While born of an age-old concept, the “maker movement” officially turns 10 this year. But that doesn’t mean you should feel bad if you’re still not exactly sure what it entails.
Luckily, to commemorate this decade anniversary, Harry McCracken, the technology editor for Fast Company, has written a comprehensive primer on the movement, detailing it’s origin, founder, and what the heck it really is.
As McCracken explains, technology writer Dale Dougherty wrote the inaugural issue of Make magazine, which was “aimed at the sort of hands-on technologists who might hitch a disposable Kodak film camera to a kite,” in February 2005. Dougherty coined the term maker to describe the homegrown innovators using their hands to create, build, and tinker. (Interestingly, Dougherty also apparently coined the now ubiquitous term “Web 2.0.”)
Makers have been around forever, but “without Dougherty’s rallying cry,” McCracken writes, “there might not have been any obvious overarching notion linking topics as disparate as robotics, 3-D photography, and leathercraft.
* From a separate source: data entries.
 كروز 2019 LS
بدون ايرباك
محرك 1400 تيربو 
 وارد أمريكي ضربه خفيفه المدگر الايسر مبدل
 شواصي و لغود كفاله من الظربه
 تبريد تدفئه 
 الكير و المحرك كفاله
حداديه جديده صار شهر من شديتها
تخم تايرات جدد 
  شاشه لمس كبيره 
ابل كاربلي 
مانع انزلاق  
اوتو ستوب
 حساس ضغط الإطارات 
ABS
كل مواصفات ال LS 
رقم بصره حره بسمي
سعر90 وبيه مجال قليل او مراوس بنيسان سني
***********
Make, [Dougherty] says, ‘took a lot of things that would otherwise be separate, and said they belong together.’”
It’s not so different from the educational “movement” of sorts to turn STEM, or science, technology, engineering, and math, into STEAM, by adding arts.
In any case, the magazine spawned the first maker faire, dubbed “part science fair, part county fair, and part something entirely new,” held in the San Francisco Bay area in 2006. Now, there are 135 maker faires across the world, gathering more than 750,000 children and adults.
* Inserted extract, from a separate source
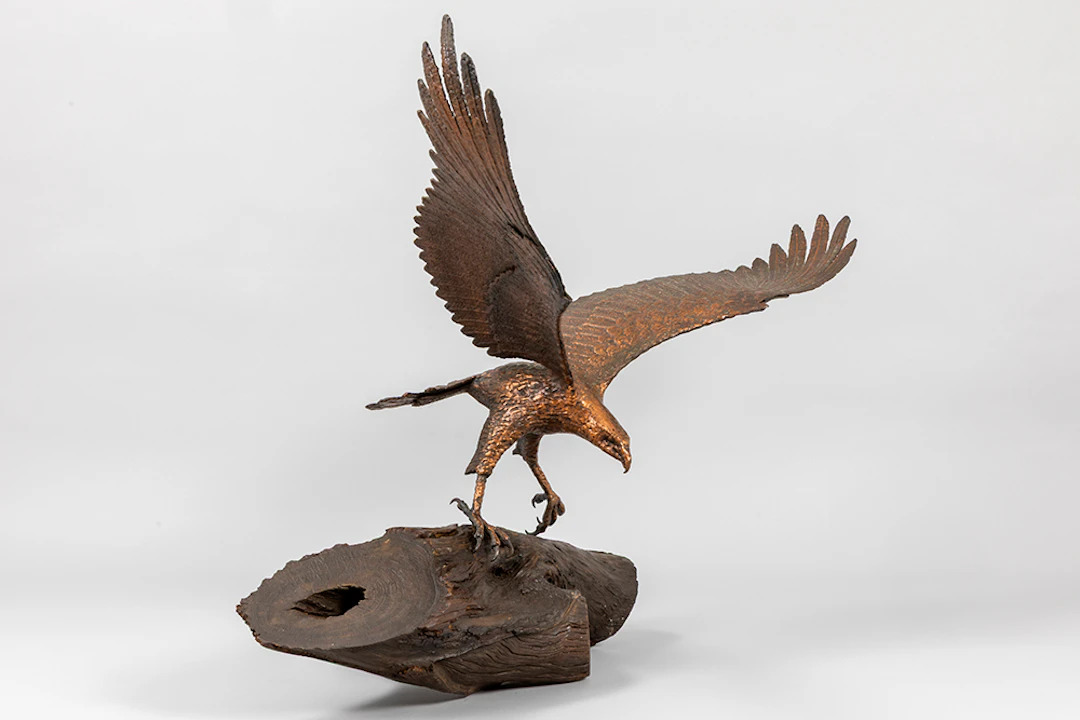Midden 20ste eeuwse sculptuur in gepatineerd metaal en hout van een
The White House even held its first maker faire in 2014 (not to be confused with the White House science fair, in its 5th year running).
Many educators have been pushing to get more students using their hands and inventing in both formal and informal learning settings. Public libraries have opened “maker spaces,” equipped with tools and art supplies, and 3-D printers have found a market in K-12 schools. And while some have said the maker movement is “incompatible” with the Common Core State Standards, it could also be argued that it’s a natural extension of the kind of deep, critical thinking both the common core and Next Generation Science Standards require of students.